Function: Empowers the model with zero-shot generalization capabilities to unseen styles (including real handwriting and printed fonts) via rich training data.

Mechanism: Collects English texts from the NLTK corpus, renders them with >100k online fonts (calligraphy + printed), and overlays diverse background images to generate 2.2 million synthetic training samples. Ensuring rare and common character frequencies are roughly uniform.
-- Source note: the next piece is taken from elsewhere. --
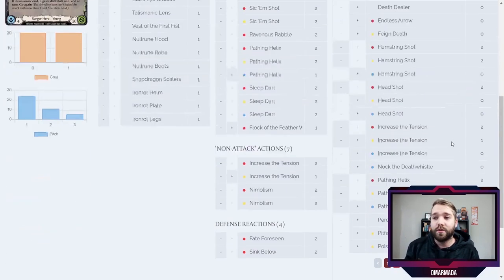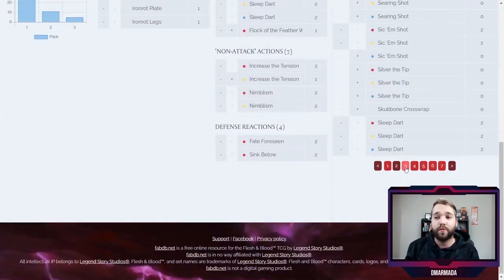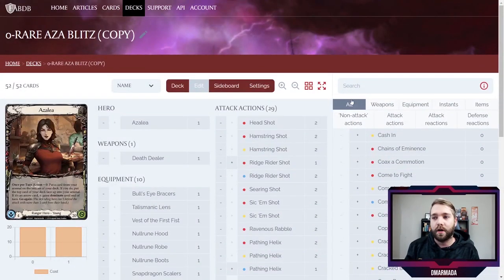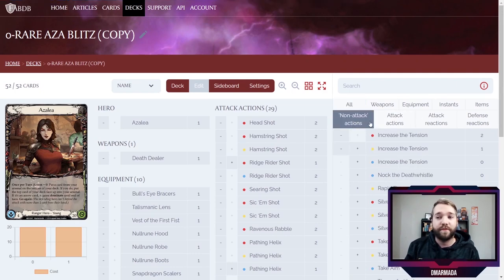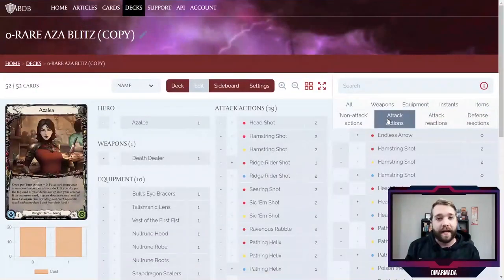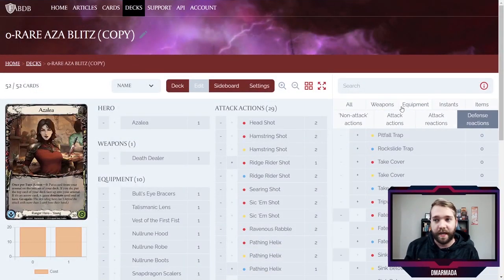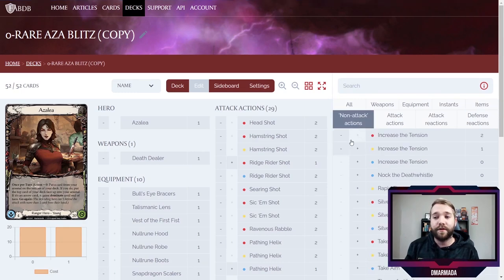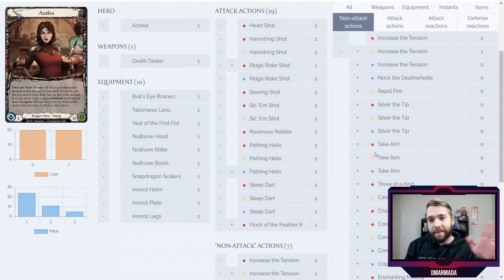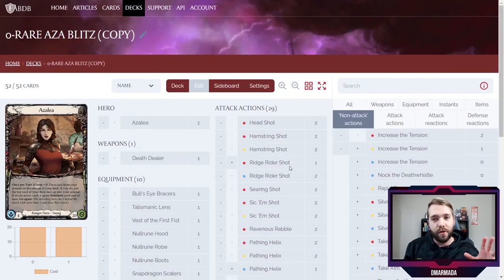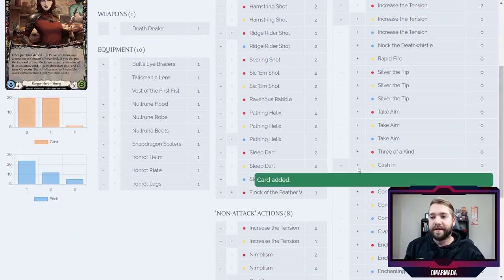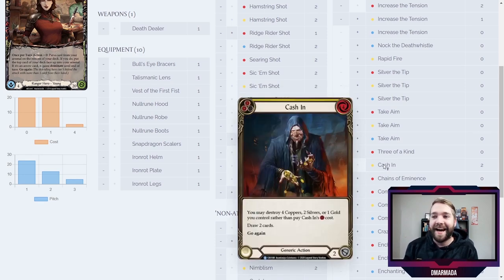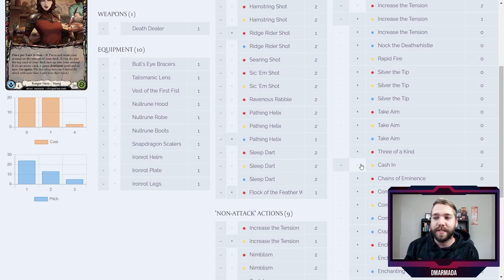The cool thing is that it filters things based on what you can and cannot put into the deck. By being Azalea, you can't play Brute cards, so this tool will not show you Brute cards — it will show you Generic and Ranger cards. If you don't know the name of something, you can search by card type: non-attack actions, attack actions, attack reactions, defense reactions, weapons, equipment, and items — you can sort by all of that. So let's say I'm going to play Azalea using the Noxious zero-rare build but I'm going to add Cash In for some reason — you literally just hit the plus button.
Design Motivation: Existing HTG models are trained on individual datasets, which limits style and text diversity. Large-scale synthetic data provides abundant style variations, allowing the model to learn highly generic style representations. Training only on synthetic data is sufficient for zero-shot handling of real handwriting.

Loss & Training

  • VAE: \(\mathcal{L} = \mathcal{L}_{MAE} + 0.005 \cdot \mathcal{L}_{WID} + 0.3 \cdot \mathcal{L}_{HTR} + 10^{-6} \cdot \mathcal{L}_{KL}\)
  • Transformer: \(\mathcal{L}_{MSE}\) (Mean Squared Error between predicted and ground-truth VAE embeddings)

Key Experimental Results

VAE Reconstruction Quality Comparison

VAE Type FID↓ BFID↓ KID↓ HWD↓
SD1.5 VAE 29.39 7.36 32.14 0.77
SD3 VAE 21.90 3.61 23.01 0.74
Emuru VAE 19.22 1.62 16.35 0.85

IAM Words Handwritten Word Generation

Method FID↓ BFID↓ KID↓ ΔCER↓ HWD↓
HWT 27.83 15.09 19.64 0.15 2.01
One-DM 27.54 10.73 21.39 0.10 2.28
DiffPen 15.54 6.06 11.55 0.06 1.78
Emuru 63.61 37.73 62.34 0.19 3.03

Key Findings

  • Emuru VAE outperforms general-purpose VAEs like SD1.5/SD3 in reconstruction quality, using only about 16% of the parameters.
  • On IAM Words word-level generation, Emuru gets a higher FID because it is trained solely on synthetic data and not fine-tuned on IAM.
  • However, in line-level generation and cross-dataset generalization (CVL, RIMES, Karaoke), Emuru exhibits superior generalization performance.
  • It can generate arbitrary-length text lines with consistent baseline alignment, which is unachievable by existing methods.
  • Generated images have no background artifacts, making them directly usable for downstream applications like OCR.

Highlights & Insights

  1. First Autoregressive HTG Model: The continuous token + automatic stopping mechanism fundamentally solves the limitations on output length.
  2. Zero-Shot Generalization via Synthetic-Only Training: The diversity of 100k+ fonts gives the model strong style generalization capabilities.
  3. Background Removal Native to VAE: With the training targeted at background-free text, a clean output is naturally produced during decoding.
  4. Single-Channel Latent Space Design: Extreme compression makes the downstream Transformer lightweight and highly efficient, needing only a single 4090 GPU for training.

Limitations & Future Work

  • Performs worse than specialized fine-tuned methods on specific datasets (like IAM), showing a trade-off for zero-shot generalization.
  • Currently supports only Latin characters; applicability to complex writing systems like Chinese or Arabic has not been verified.
  • Autoregressive generation is slower than single-forward diffusion or GAN methods.
  • Extreme compression with \(c=1\) may result in loss of color and detail information, only generating grayscale text.
  • VATr/VATr++: Transformer-GAN-based HTG methods.
  • DiffPen / One-DM: Diffusion-model-based HTG methods.
  • GIVT: A general framework for continuous token autoregressive generation, which is the core inspiration for Emuru.
  • T5: The base architecture of Emuru's Transformer.

Rating

⭐⭐⭐⭐ — Paradigm innovation (first autoregressive HTG). Zero-shot generalization from purely synthetic training is impressive, and arbitrary-length generation combined with background removal offers unique, practical value. Although it might be outperformed by specialized methods on specific datasets, its generalization and scalability are superior. The design choices (single-channel VAE, automatic stopping) are highly thoughtful.